在平面直角坐标系\(xOy\)中,过\(y\)轴上一点\(A\)作平行于\(x\)轴的直线交某函数图象于点\(D\),点\(P\)是\(x\)轴上一动点,连接\(DP\),过点\(P\)作\(DP\)的垂线交\(y\)轴于点\(E(E\)在线段\(OA\)上,\(E\)不与点\(O\)重合\()\),则称\(\angle DPE\)为点\(D\),\(P\),\(E\)的“平横纵直角”\(.\)图\(1\)为点\(D\),\(P\),\(E\)的“平横纵直角”的示意图\(.\) 如图\(2\),在平面直角坐标系\(xOy\)中,已知二次函数图象与\(y\)轴交于点\(F(0,m)\),与\(x\)轴分别交于点\(B(-3,0)\),\(C(12,0).\) 若过点\(F\)作平行于\(x\)轴的直线交抛物线于点\(N\).

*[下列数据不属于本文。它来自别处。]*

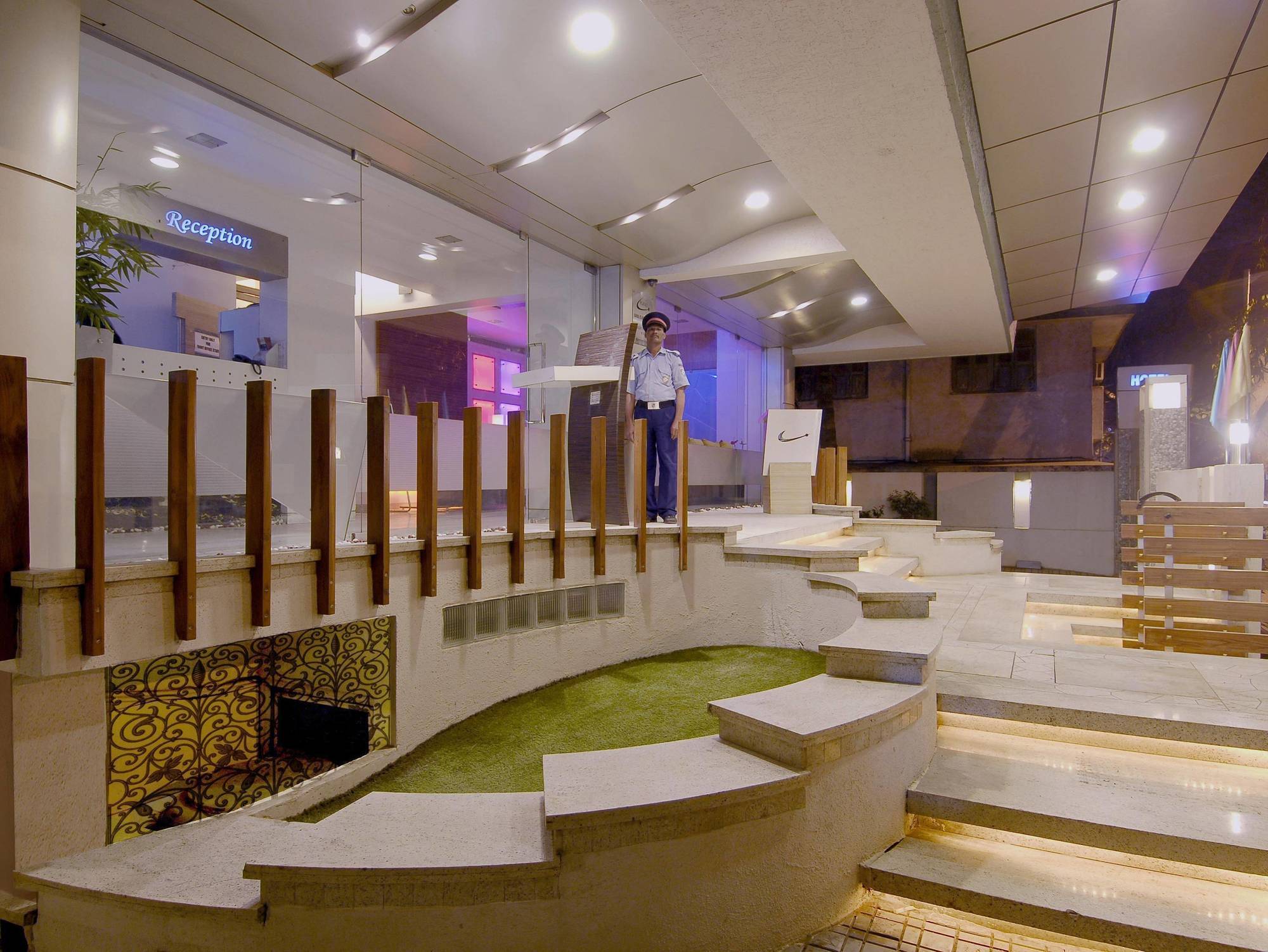 Hotel Planet Residency Мумбай Екстериор снимка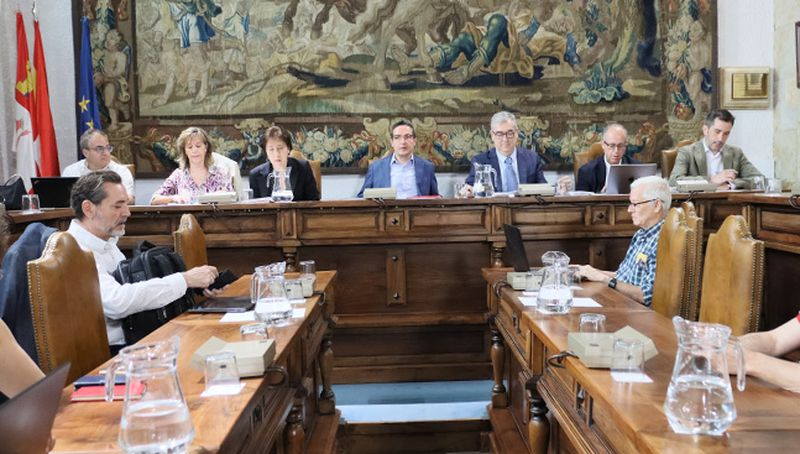 El Consejo de Gobierno de la USAL elegirá un experto independiente para responder al informe del Comité Español de Ética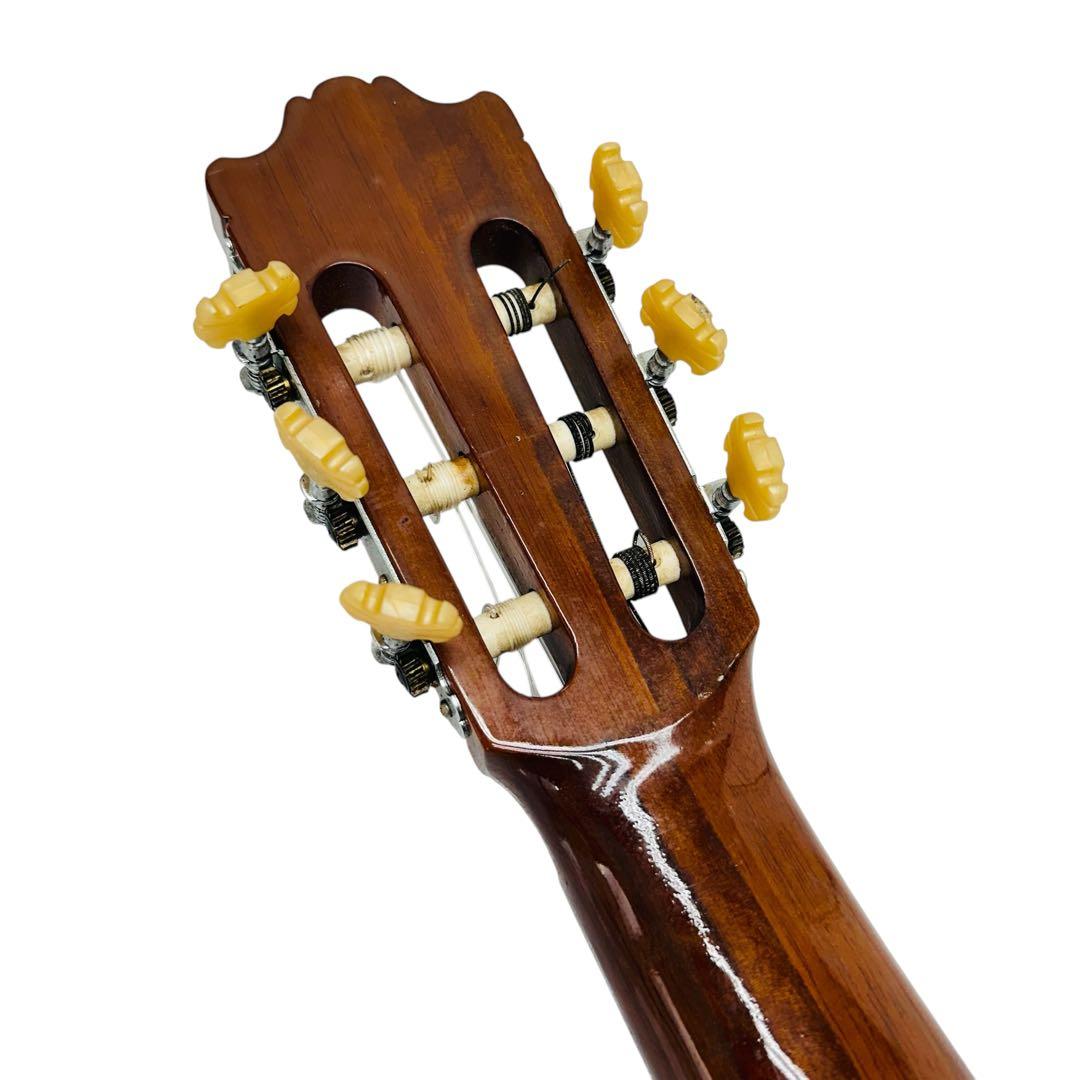Classical Guitars Yamaha C-170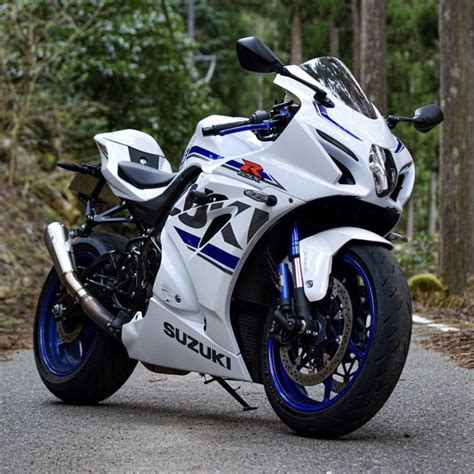 Suzuki GSXR 1000R Custom Street Bikes, Custom Sport Bikes, Suzuki Bikes, Suzuki Motorcycle ...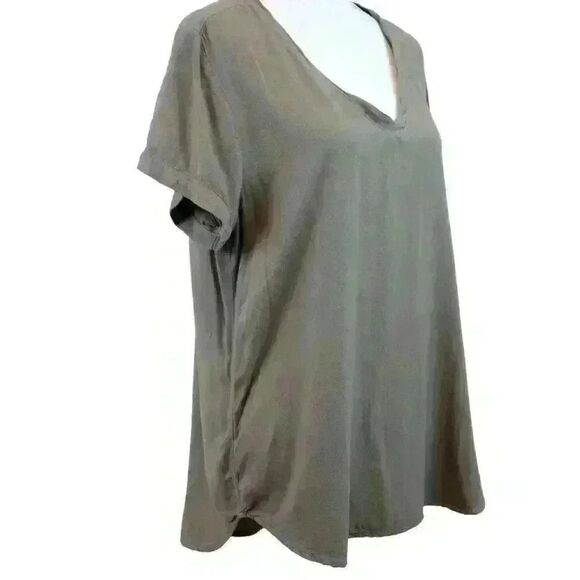 Cloth & Stone (Anthropologie) Gray V-Neck Slub Tee – Size Large - Picture 6 of 6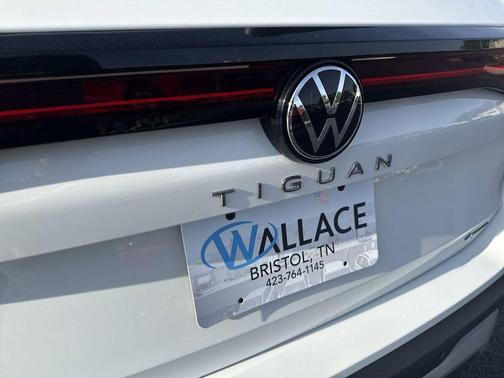 Pure White 2026 Volkswagen Tiguan 2.0T SE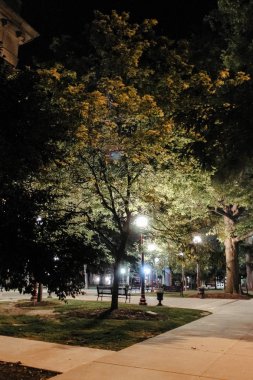 Performans sanatları binasının dışındaki Patio alanı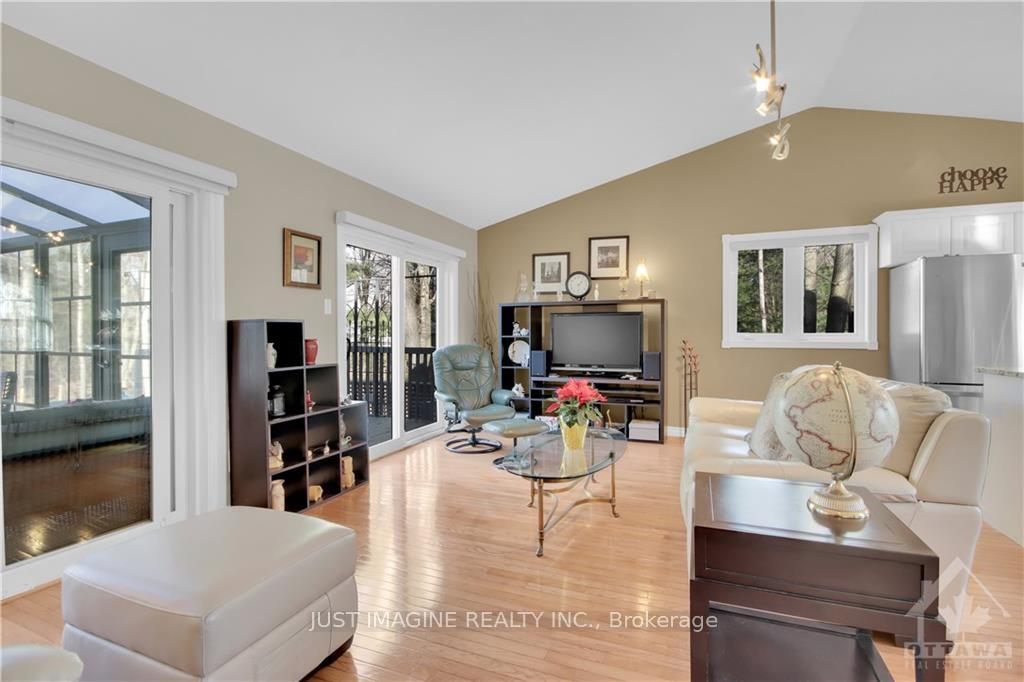Photo 7 of 5771 Buttercup Lane, Ottawa, Osgoode — HOMEH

\((1)\)点\(N\)的横坐标为___________;
\((2)\)已知一直角为点\(N,M,K\)的“平横纵直角”,若在线段\(OC\)上存在不同的两点\({{M}_{1}}\)、\({{M}_{2}}\),使相应的点\({{K}_{1}}\)、\({{K}_{2}}\)都与点\(F\)重合,试求\(m\)的取值范围;
\((3)\)设抛物线的顶点为点\(Q\),连接\(BQ\)与\(FN\)交于点\(H\),当\(45{}^\circ \leqslant \angle QHN\leqslant 60{}^\circ \)时,求\(m\)的取值范围.